The petition mechanism recognizes that there should be a channel for different ways to present oneself for service, perhaps accompanied by a willingness to challenge the Overseers’ conventional brief and modes of operation. During the past several decades, that mechanism has been the way to raise the salience of truly important issues—apartheid and climate change among them—about which alumni understandably have strong feelings, and equally strong opinions about what the University might, or ought, to do in response.

Today, that campaign challenge takes place in an era of online communications and social media, which make a petition candidacy easier to publicize and pursue. It also takes place in a new era (for Harvard) of online voting, which might boost actual participation by an engaged, aroused electorate. (That is especially the case for international alumni, to whom dissemination of paper ballots was not always particularly successful.) 

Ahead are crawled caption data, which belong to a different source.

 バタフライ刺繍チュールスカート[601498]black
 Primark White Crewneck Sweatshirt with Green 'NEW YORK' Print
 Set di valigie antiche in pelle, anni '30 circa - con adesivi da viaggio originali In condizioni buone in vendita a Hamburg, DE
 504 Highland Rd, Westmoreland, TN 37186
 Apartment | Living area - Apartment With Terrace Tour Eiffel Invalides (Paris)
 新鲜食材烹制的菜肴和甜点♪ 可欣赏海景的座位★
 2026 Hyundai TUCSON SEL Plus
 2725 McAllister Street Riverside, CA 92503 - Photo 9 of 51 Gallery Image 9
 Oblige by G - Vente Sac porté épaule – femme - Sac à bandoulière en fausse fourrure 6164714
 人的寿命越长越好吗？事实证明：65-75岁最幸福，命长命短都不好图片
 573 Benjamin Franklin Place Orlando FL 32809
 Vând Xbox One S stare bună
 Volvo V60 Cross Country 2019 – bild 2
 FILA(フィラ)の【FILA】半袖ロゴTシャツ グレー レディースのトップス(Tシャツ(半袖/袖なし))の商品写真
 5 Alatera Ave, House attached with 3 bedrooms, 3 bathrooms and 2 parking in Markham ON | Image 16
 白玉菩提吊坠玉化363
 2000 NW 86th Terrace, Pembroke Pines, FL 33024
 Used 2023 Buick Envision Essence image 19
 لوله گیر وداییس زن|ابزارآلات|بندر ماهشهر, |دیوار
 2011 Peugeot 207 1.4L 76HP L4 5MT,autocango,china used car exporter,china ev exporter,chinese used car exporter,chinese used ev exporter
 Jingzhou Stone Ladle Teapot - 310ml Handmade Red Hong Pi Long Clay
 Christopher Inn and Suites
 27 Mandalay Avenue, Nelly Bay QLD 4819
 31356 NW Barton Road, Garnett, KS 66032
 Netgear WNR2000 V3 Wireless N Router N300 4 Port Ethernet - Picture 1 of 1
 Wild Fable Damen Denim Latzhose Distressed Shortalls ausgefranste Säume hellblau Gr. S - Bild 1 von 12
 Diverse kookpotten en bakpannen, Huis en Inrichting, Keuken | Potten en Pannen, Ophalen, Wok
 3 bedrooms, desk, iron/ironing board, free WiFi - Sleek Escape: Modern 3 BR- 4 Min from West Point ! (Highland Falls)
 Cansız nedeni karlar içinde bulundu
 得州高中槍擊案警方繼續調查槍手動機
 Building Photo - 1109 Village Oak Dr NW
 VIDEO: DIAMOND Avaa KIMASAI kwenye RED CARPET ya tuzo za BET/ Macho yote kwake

Finally, the governing boards’ election rules specify that the HAA committee’s nominees and petition nominees appear in separate cohorts on the ballot (see the order in which they will appear here; the listing of names within the separate cohorts is determined by lot). In electoral terms, that could cut both ways. Those who value the formal nominating process highly, or who perceive Overseers as performing a generalist role focusing on oversight and consensual decision making, will find candidates grouped together for their consideration. But as noted, under ordinary circumstances, it is not a given that most members of the community understand or feel strongly about such matters. For those passionate about a particular issue, who wish to signal support for some University consideration of that matter, the separate placement on the ballot of petition nominees may prove to be a convenience.

Voting is open from April 1 through May 19, with the outcome to be announced at the HAA’s annual meeting on Commencement day afternoon.

Editor’s note: HAA executive director Philip Lovejoy and his predecessor, John P. Reardon, are members of the Board of Directors of Harvard Magazine Inc., the parent of Harvard Magazine. HAA committee-nominated Overseer candidate Susan Morris Novick is also a Harvard Magazine Inc. director.